So yes, at the age of thirty (thirty-one next Saturday), I’m learning to drive. They say, after all, that if you can learn in London, you can drive anywhere, though I think that the hidden part of that statement is “that is, if you survive.”
I have to say, against all expectations, I’m loving it. It’s not that I thought I’d hate driving, or that I thought I’d be rubbish at it, it’s just that it never occured to me that it would be quite so enjoyable. I never pictured myself as a driver-in-waiting.
See, when I was growing up in London, our family didn’t have a car, so it never really occured to me that pretty much everyone would need to know how to drive. Both my parents could, but they just didn’t. At the time, public transport was plentiful, well-run and affordable.

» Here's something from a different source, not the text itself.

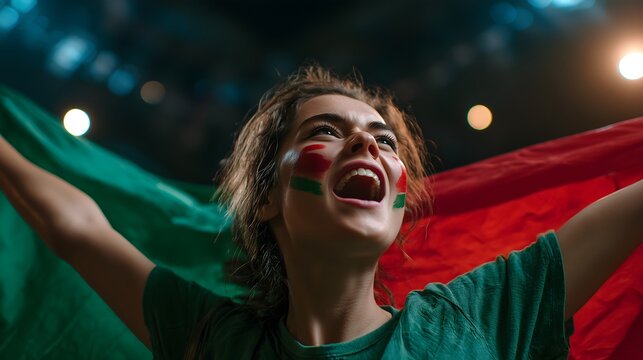 Happy Female Portugal Soccer Supporter Cheering with Flag and Face Paint in Stadium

If we had family to visit in the North of England, or on the Isle of Man, we’d take a variety of trains and ferries to see them. Sorted.
When I moved out to Canada, at sixteen, everyone my age could already drive - they learnt at school. I took some lessons anyway, and got a permit of sorts (Instructor, standing outside the car: “Can you drive?” Me: “Sure” Him, signing piece of paper: “here you go…”) but I never used it. We lived in the middle of nowhere, couldn’t afford gas (let alone a vehicle) and there was nowhere to go (and anywhere we did fancy going we could get to by boat, which you didn’t need a permit for), so why bother?
The subsequent years of travel, study and work have all shared one characteristic: convenient, abundant, cheap public transport. As an impoverished student, the idea of taking lessons, let alone buying and trying to insure a car in my rather salacious bit of Liverpool (and subsequently, inner-city Manchester) was a joke. When London beckoned me back, I was too busy working (and establishing a life in the city) to be fussed with lessons. Besides, the whole point of getting driving lessons is to, er, drive. Which means you should probably have something to practice in before the test, and use afterwards. And in those first few years, as much as I loved the 328 bus (which ran from outside my Kilburn Park home to outside my Fulham office), they wouldn’t have let me drive it, even with a new license, so I never bothered to get one.
And then things changed. Whether it was family moving to various distributed bits of the country, or falling in love with a man with roots (and family, and friends) six hours up the A1, or being a bit better paid or whatever, I’m not sure what the final catalyst was, but somehow, we ended up with a car. And once we had a car…well, then it was only a matter of time (and regular long drives up the A1/M40/M6/M5) before I learned, too.
I found a great teacher who would pick me up from work two lunchtimes a week, and drop me off again outside the office. And I swore that I would learn in three months or less. That was two thirds of the way through December.
In January, I sailed through the theory test (full marks - hoorah!) and then discovered that there was a three month waiting list for the practical exam. Bugger. So now I have a test booked for the middle of April, and I can’t wait. I love driving. Love it. Love it. For those of you who already know how to do it, and who take it for granted, let me tell you this: at thirty, feeling like a granny next to all the other learner drivers on the road, and being someone who sets very high performance standards for herself in pretty much every other aspect of life, it was a giant challenge to even start, and I’m dead chuffed that I finally did.
So now I have a few lessons in the week, and then spend the weekend ferrying P around in lordly style, to the supermarket, or around random bits of London (Hello Isleworth! Hello New Malden!) or, as this weekend, around the back roads of deepest darkest Sussex. It’s enormously fun and rewarding. Probably the best thing is that while I spend most of my working day thinking and planning and imagining, it’s great to get out and do something which requires a different kind of concentration and coordination.
So wish me luck for my test. I’ll let you know how it goes. And in the meantime, if you should see a red blur whizzing past on the A1/3/4/40, think of me, grinning, in the driver’s seat. at last.